Poster – Ketimpangan Ekonomi dan UU Keistimewaan DI Yogyakarta – 24 Oktober 2017
Sultan Hamengku Buwono X telah resmi dilantik kembali sebagai gubernur Daerah Istimewa Yogyakarta (DIY) pada 10 Oktober 2017. Pelantikan Sultan HB X pada periode kepemimpinan tahun 2017-2022 merupakan amanat Undang-Undang Keistimewaan (UUK) yang dipeoleh DIY. Di mana pada pasal 18 C UUK menyatakan bahwa posisi Gubernur DIY dijabat oleh Sultan Hamengku Buwono dan Wakil Gubernur dijabat Adipati Paku Alaman. Setelah dilantik, tantangan besar terhampar luas di DIY, seperti tentang masalah kemiskinan, konflik agraria, ketata ruangan, dan ketidak merataan ekonomi.
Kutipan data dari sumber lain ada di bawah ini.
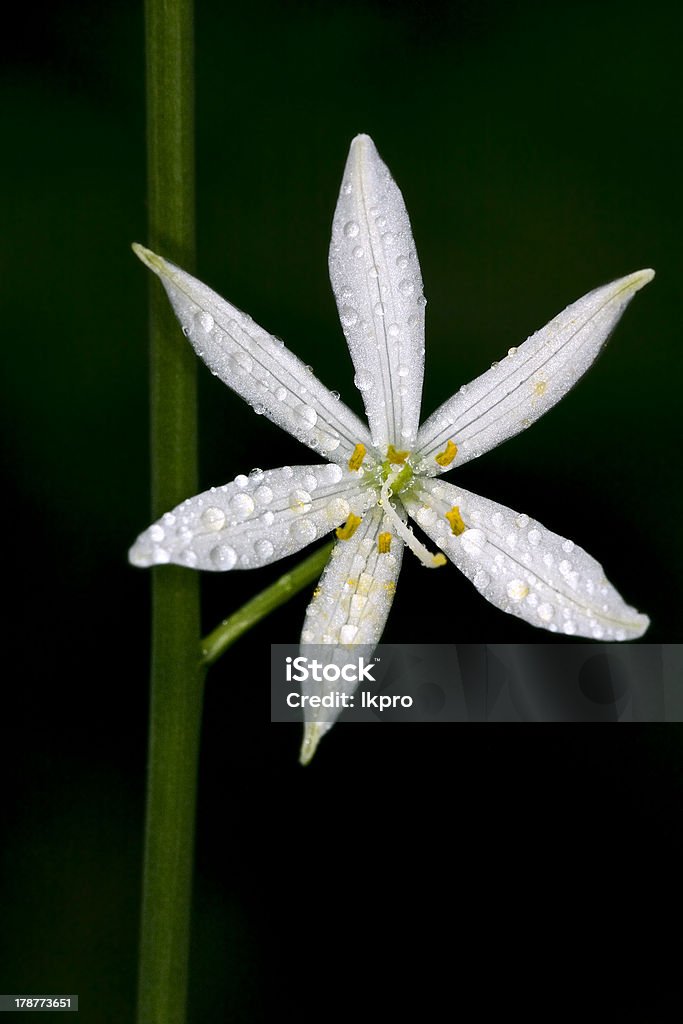Flor branca allium ursinum - Foto de stock de Abril royalty-free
Tingginya angka ketimpangan (rasio gini) masih menjadi tantangan terbesar bagi pemerintahan DIY ke depan. Selama tiga tahun terakhir, angka ketimpangan DIY selalu menduduki peringkat teratas di Indonesia. Per Maret 2017, rasio ketimpangan DIY berada pada angka 0,43 (BPS, 2017). Angka tersebut melebihi rasio ketimpangan nasional yang hanya 0,39. Kondisi ini cukup memperihatinkan, melihat dana keistimewaan (danais) yang dimiliki DIY sebesar 853,90 M pada tahun anggaran 2017. Pada kondisi yang bersamaan, justru Sultan HB X didapuk menjadi 1 dari 150 orang terkaya di Indonesia menurut majalah Globe.
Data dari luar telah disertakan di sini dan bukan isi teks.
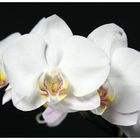 White Orchid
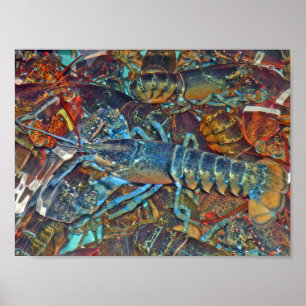 Poster Homard bleu, Maine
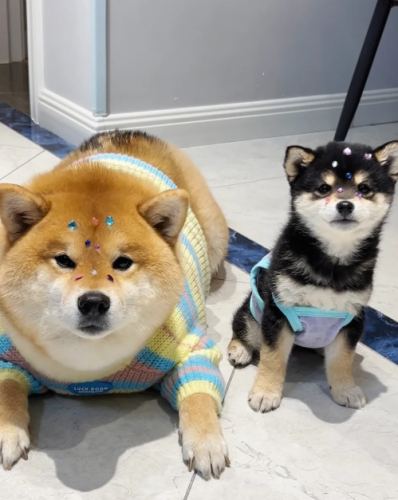 豆柴 柴犬 比較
Apa yang mendasari Yogyakarta menjadi provinsi dengan ketimpagan tertinggi di Indonesia? Bagaimana Kebijakan Pemerintah Yogyakarta mengatasi ketimpangan tersebut? Apakah Undang-Undang Keistimewaan (UUK) mampu menjadi instrumen untuk mengatasi masalah ketimpangan atau justru yang menjadi penyebab tingginya ketimpangan ? Apa implikasi UUK DIY bagi kondisi sosio-ekonomi masyarakat Yogyakarta?